Sully sighed heavily and stood, preparing to kick the door again. Jada covered her mouth, trying not to let him see her laugh.

“All right, grumpy,” Drake said. “Let me give it a shot before we end up having to carry your geriatric butt out of here.”

“My geriatric butt is still young enough to knock you unconscious,” Sully warned. Then he stretched his leg, still trying to work the kinks out of his knee. “But yeah. Have at it.”

Drake smiled, knowing it was a cocky grin but unable to help himself. He stared at the door, determined, and shot a hard kick at the split in the wood. It shrieked, the crack widening, but the thin iron straps were not going to give so easily. The impact on the door had shot up his leg hard enough to rattle his teeth, but he wasn’t going to let Sully know that. Drake kicked again, and it might have been that the stone lintel shifted a little, or it might have been the door frame. It was hard to tell.

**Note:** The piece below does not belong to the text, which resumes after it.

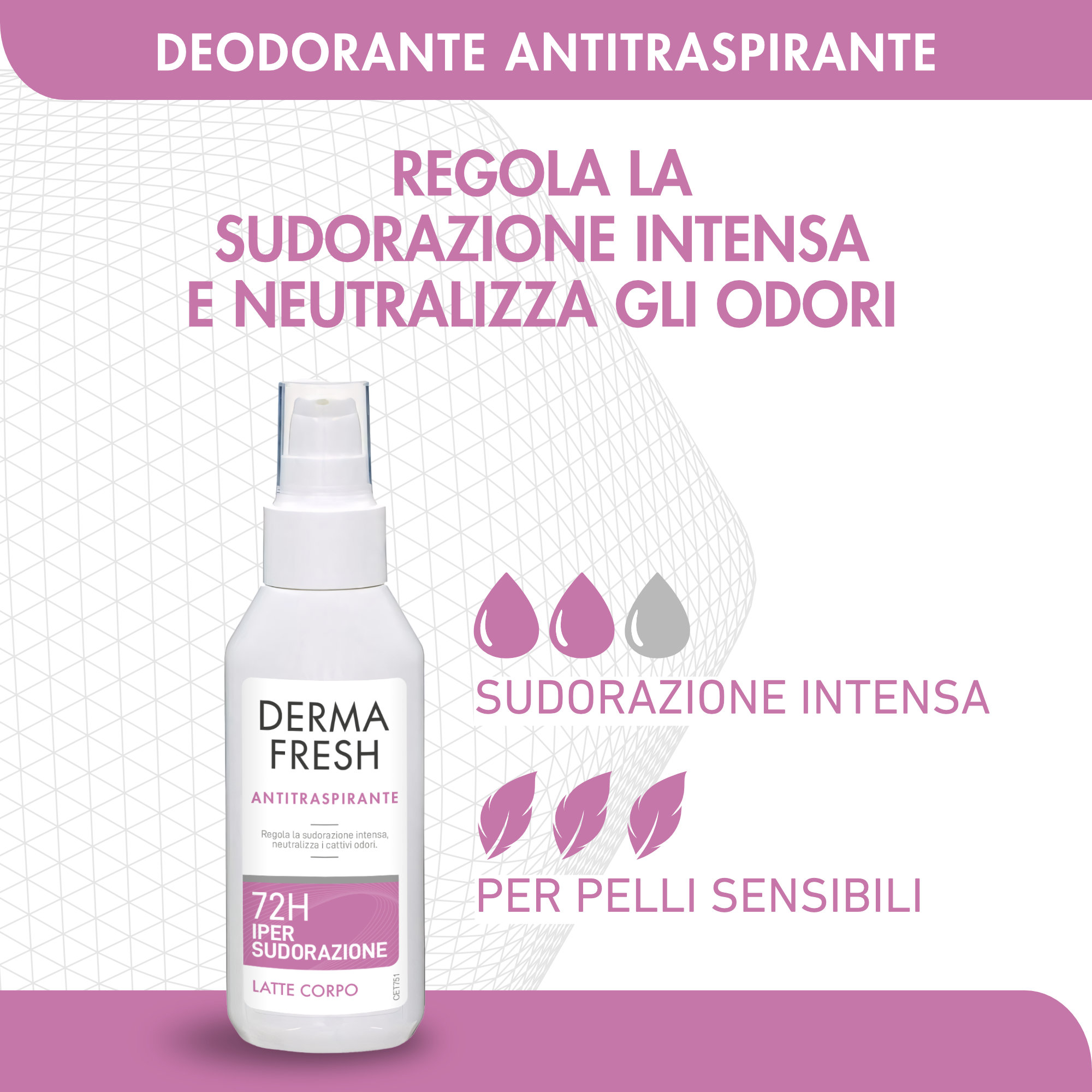 Dermafresh IPER SUDORAZIONE 72H Latte Corpo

He glanced at Jada, wondering if she was right to be concerned. If they hadn’t run out of fortress to search, he would have suggested that they keep looking, but this room was their dead end. If they found nothing beyond the door, they would have to start over. Drake would go over the various chambers and sublevels of the fortress even more carefully, and Jada would go with Sully into the village to start asking around about the earthquake and what might have been on the hill before the fortress was built.

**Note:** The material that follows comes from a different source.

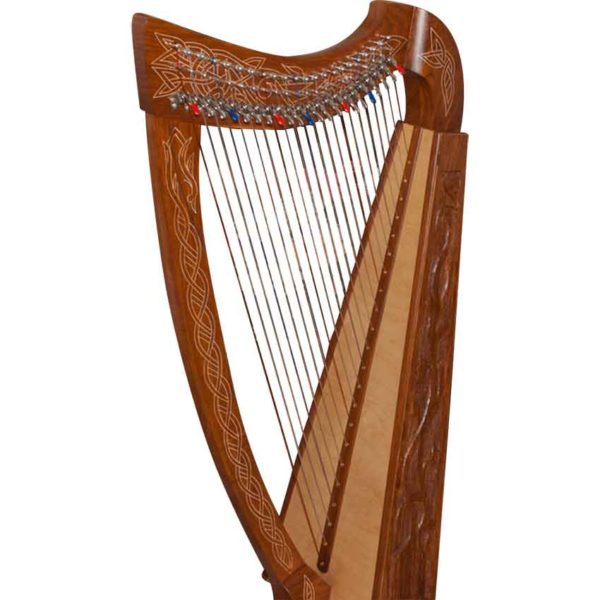 22 String Heather Harp with Vine Detailing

“This is turning out to be a waste of a day,” he said.

Jada had her hair back in a ponytail, and when she frowned and crossed her arms, she looked like someone’s recalcitrant teenage daughter.

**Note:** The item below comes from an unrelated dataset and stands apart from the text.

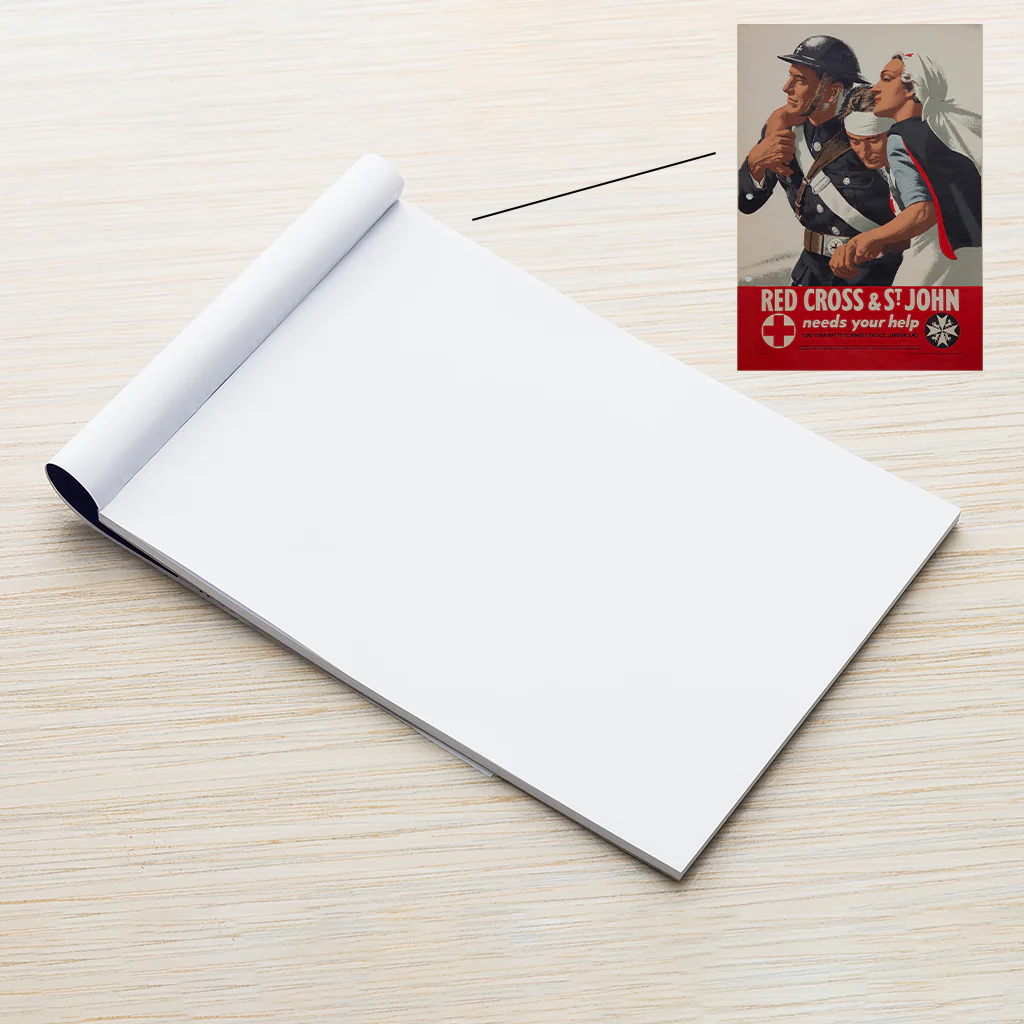 Red cross nurses A5 Notebook | Heritage Collection - Image 2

“Are you giving up?” she asked.

“Nah,” Drake said, deciding this was not the moment to suggest they call the taxi back and head somewhere for a drink. He slid the gun from the back of his waistband and handed it to her. “Hang on to that for a second, will you?”

As she took it, he drew a deep breath, glanced at the door, then ran at it. Even as he launched himself off the ground, he knew what a stupid idea it was. Trying to be Action Man always ended in bruised ribs and a bruised ego. His regret lasted a millisecond, and then his feet struck the crack in the door and it burst inward in a shriek of metal and wood.

Drake tried to put a hand down to break his fall but still rapped his knee hard when he struck the ground. He grimaced, sucking air between his teeth, and got up slowly, massaging the same knee Sully had been nursing a minute before.

“You’re no Bruce Lee,” Sully muttered.

“I got the damn door open,” Drake countered, dusting off his trousers.

“Do you two ever not bicker like children?” Jada asked.

Drake and Sully exchanged a look, and then both of them grinned.

“Not really,” Sully said.

“It’s always his fault,” Drake said. “I’m innocent.”

Sully rolled his eyes. “How is it I’ve let you tag along with me so many times over the years?” he asked, stepping through the wreckage of the door, shining his flashlight around a room that had been closed up for more than half a century.

“You? I’m the one who lets you tag along. But that’s going to change, trust me. Grumpy old man with stinky cigars.”

“Enough with the cigars,” Sully called back to them, his voice echoing off the walls of what seemed like a fairly large room.

“I agree,” Jada whispered to Drake. “Enough with the cigars.”

“I heard that,” Sully said.

“Good,” she shot back.

Jada handed the gun back to Drake, who returned it to his waistband as they followed Sully through the shattered door. As they passed over the threshold, Drake looked up at the buckled frame. He said nothing to Jada, but he didn’t like the look of it. The split door had been acting as a massive support beam, just as she had feared. Grit sifted down from cracks in the stone above the ruptured wooden frame. But it was only a single room and the last one open to them. If they left without examining it, they would always wonder.

“Suddenly I’m thirsty,” Sully said, waving his flashlight around.